IF 6.1 2区 医学 Q1 PEDIATRICS Pub Date : 2024-09-01 Epub Date: 2024-07-15 DOI: 10.1007/s12519-024-00828-9
Soeun Kim, Jaeyu Park, Hyeri Lee, Hayeon Lee, Selin Woo, Rosie Kwon, Sunyoung Kim, Ai Koyanagi, Lee Smith, Masoud Rahmati, Guillaume Fond, Laurent Boyer, Jiseung Kang, Jun Hyuk Lee, Jiyeon Oh, Dong Keon Yon

Background: Suicide is the second leading cause of death in young people worldwide and is responsible for about 52,000 deaths annually in children and adolescents aged 5-19 years. Familial, social, psychological, and behavioral factors play important roles in suicide risk. As traumatic events such as the COVID-19 pandemic may contribute to suicidal behaviors in young people, there is a need to understand the current status of suicide in adolescents, including its epidemiology, associated factors, the influence of the pandemic, and management initiatives.

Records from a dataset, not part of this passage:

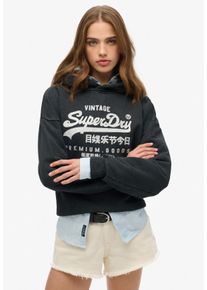 Superdry Damen Kapuzensweatshirt "VL METALLIC RELAXED HOOD"mid amp schwarz, casual, Gr. XS, bedruckt, Sweatware, Obermaterial: 100% Baumwolle,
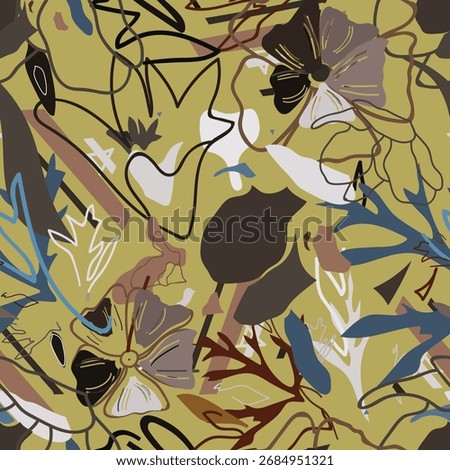 Floral brush strokes seamless pattern design for fashion textiles, graphics, backgrounds and crafts
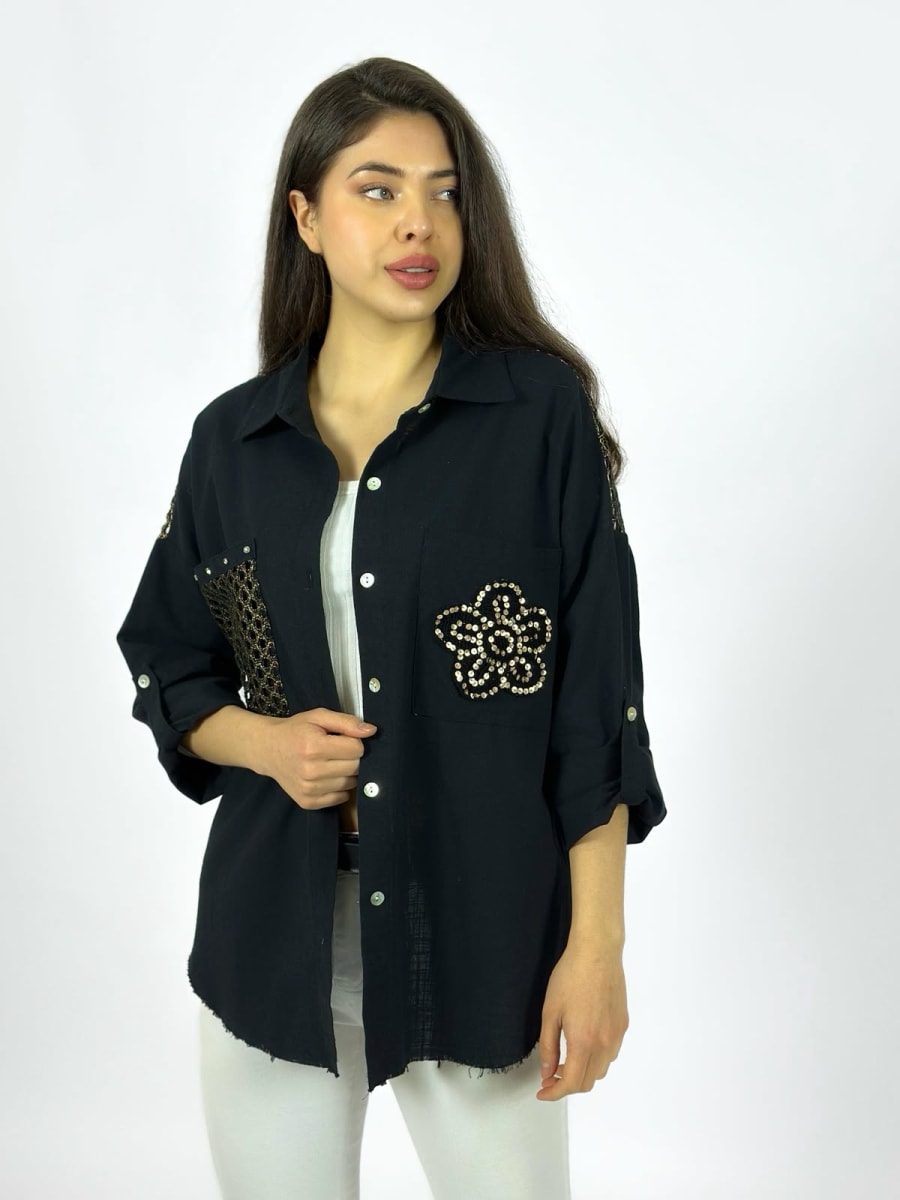 Blusa Lino Dorso y Bolsillo Tejido A1-158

Data sources: We investigated global and regional suicide mortality rates among children and adolescents aged 5-19 years using data from the Global Burden of Diseases, Injuries, and Risk Factors Study (GBD) 2019. The suicide mortality rates from 1990 to 2019 were examined in 204 countries and territories across six World Health Organization (WHO) regions. Additionally, we utilized electronic databases, including PubMed/MEDLINE and Scopus, and employed various combinations of terms such as "suicide", "adolescents", "youth", "children", "risk factors", "COVID-19 pandemic", "prevention", and "intervention" to provide a narrative review on suicide within the pediatric population in the post-pandemic era.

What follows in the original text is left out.